Typically, the court will determine that debt incurred for the needs of the family, such as groceries, or school needs, and this will be divided equally.  Debts incurred for personal gained are usually left to the individual who incurred that debt to pay it off.  While these seem like common sense divisions of debt, there are various unique scenarios that leave the responsible debtor in doubt.  For instance, if the card was in one name but used by another for expenses unrelated to the family, dual ownership of credit cards used for the illicit purposes of only one spouse, cards taken out in the other spouses name.

 

The Utah courts use very broad parameters and discretion in determining how the debt will be divided.  Usually, the evidence will be reviewed, and it will be determined who incurred the debts, and for which purposes.  The court will then review the incomes of both parties and their ability to pay off the debts.  In Rehn v.

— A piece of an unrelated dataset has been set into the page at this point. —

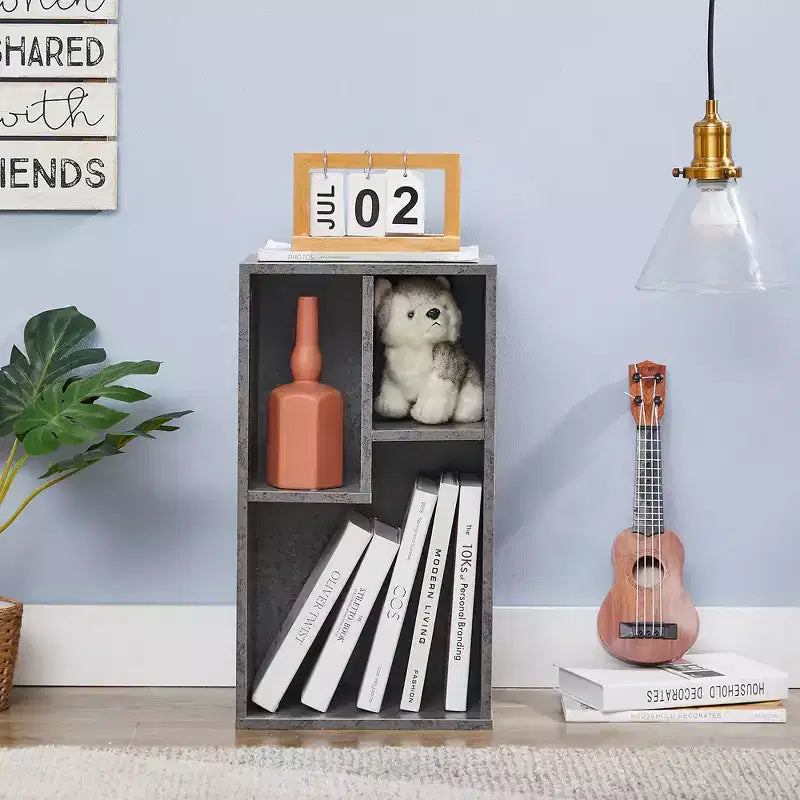 3-Shelf Wood Bookcase, Open Display Storage, Soft Edges, Multiple Color Options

Rehn, the husband, who made 80% of the household income was ordered to pay for 80% of the debt accrued in marriage, while the wife was held responsible for 20%.

 

Of course, there is always the possibility that your spouse may have accrued debt without your knowledge, but in your name or using you as joint debtor.  Despite the divorce decree, the debtor can still hold you responsible for 50% or more of the debt.  Additionally, despite any agreements or the divorce decree, creditors may disregard any ruling, and pursue the debts in equal measures.  To prevent this, maintain a thorough accounting of all of your debts and accounts, and gather all the available financial information possible to present to a judge.  Additionally, finding an experienced lawyer with expertise in the area of debt division is the most certain method you can use to protect yourself from being burdened by the transgressions of the other spouse.